I am chasing lopes in the Devils Tower area in a week. Any birds in that area????


----------



## kingcanada (Sep 19, 2009)

loads of sharptails, but completely unsure about sage hens. the area is not known for them. central and southwestern wyo is the region with the big numbers. season ends sept. 30th too. already closed for the devil's tower area.  there is next year though...


----------



## hunt4P&amp;Y (Sep 23, 2004)

I went through about a half dozen arrows shooting them when I was elk hunting... However I had a limit of fresh grouse almost every night! They are damn good!


----------



## kingcanada (Sep 19, 2009)

elk hunting? desert tag? most elk hunters ruin their arrows shooting at our blue grouse up a little higher in the mountains. the rocky terrain is real murder on the broadheads!


----------



## hunt4P&amp;Y (Sep 23, 2004)

I wish I had a desert tag! 

Sorry I didn't read your post well.

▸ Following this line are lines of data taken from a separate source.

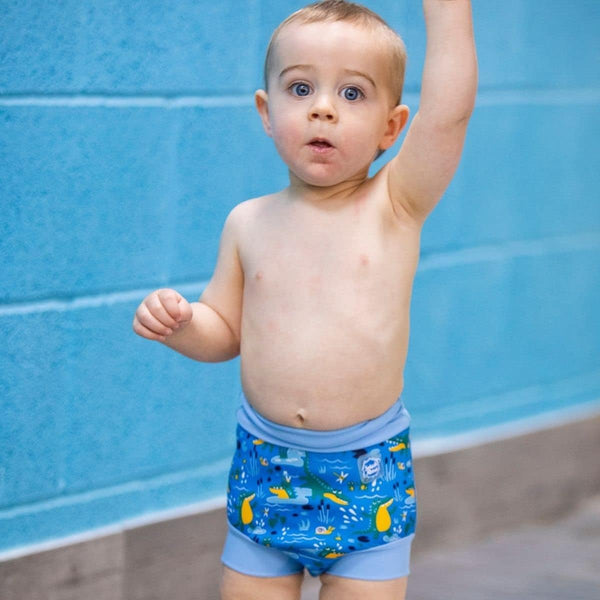 Schwimmwindel Happy Nappy 12-24 Monate Krokodile (XL)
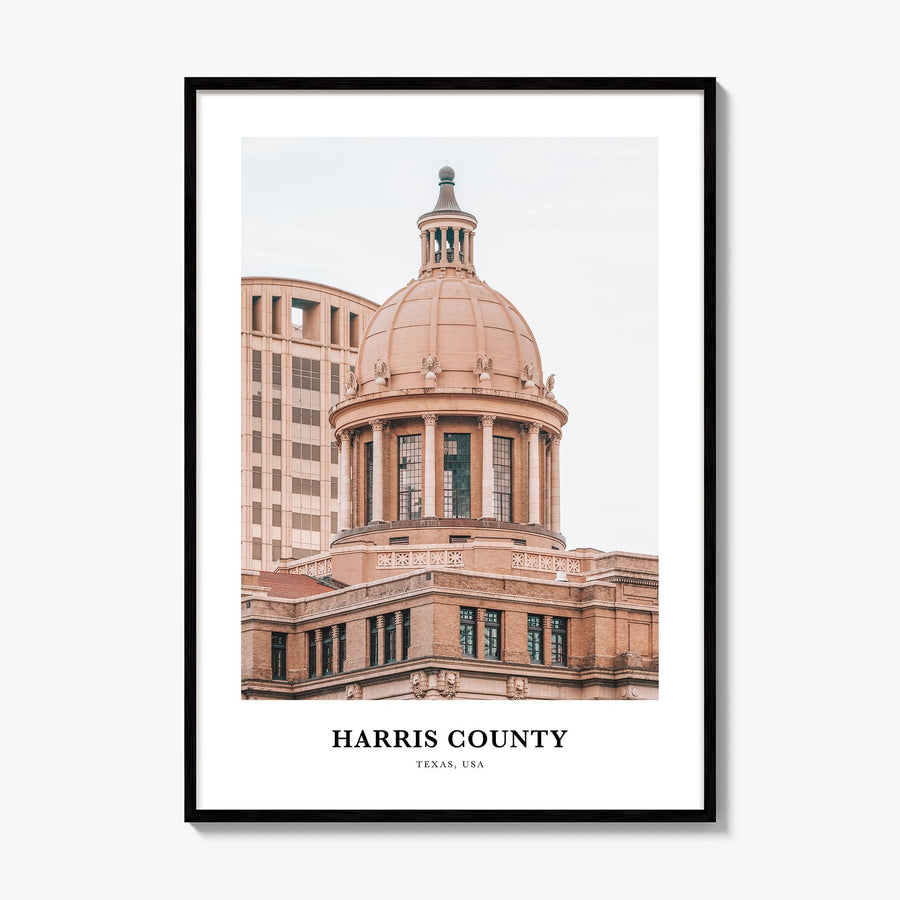 Harris County Classic Poster, framed poster mockup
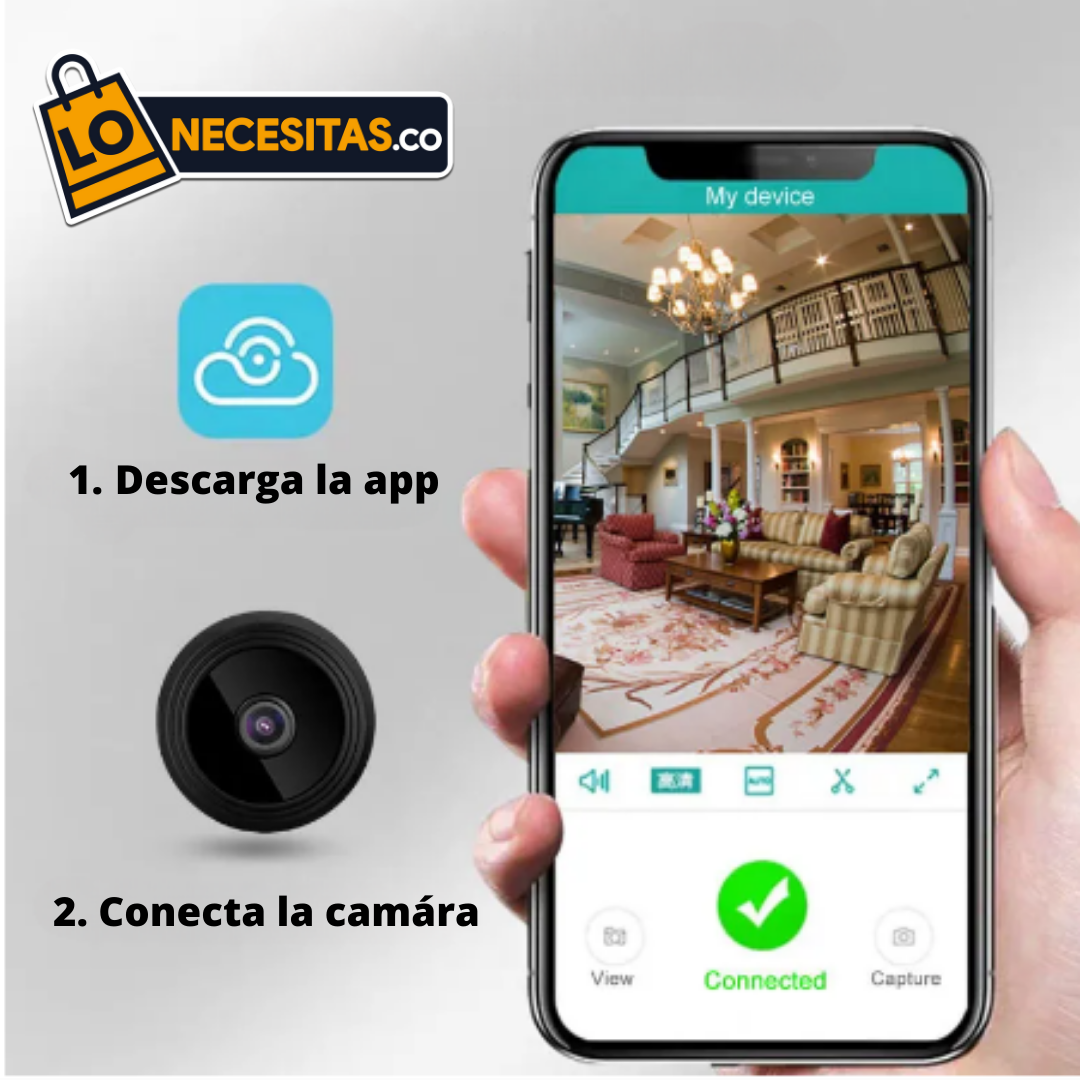 Mini Cámara de Seguridad Inalámbrica Wifi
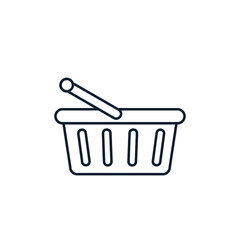 shop cart icon simple logo design element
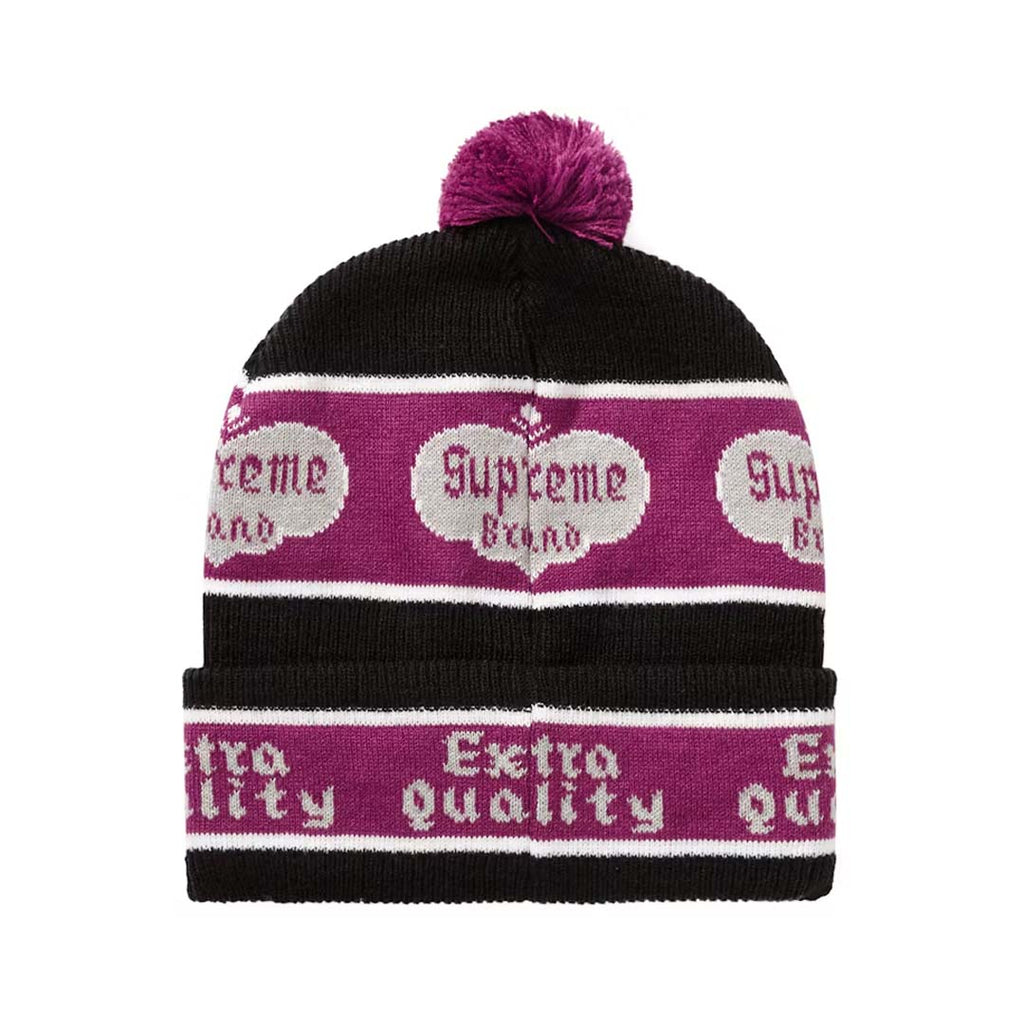 Supreme Extra Quality Beanie Black Purple by Supreme - NWAHYPE No.1 for streetwear Beanies in USA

Yes we were shooting blue/ spruce grouse. I have no idea how they taste so good eating the crap they were..... or maybe I was just that hungry after walking miles and miles! :lol:


----------



## kingcanada (Sep 19, 2009)

blue grouse are absolutely delicious. sage grouse can be, but it depends on how you care for them. unlike other game birds, sage hens have digestive acid in their stomach to break down food and do not depend on the crop to do that job. as a result, that sage/ acid brine will ruin the flavor of the meat fast. clean them as soon as you get to the truck. if you wait, you will have lousy birds.


----------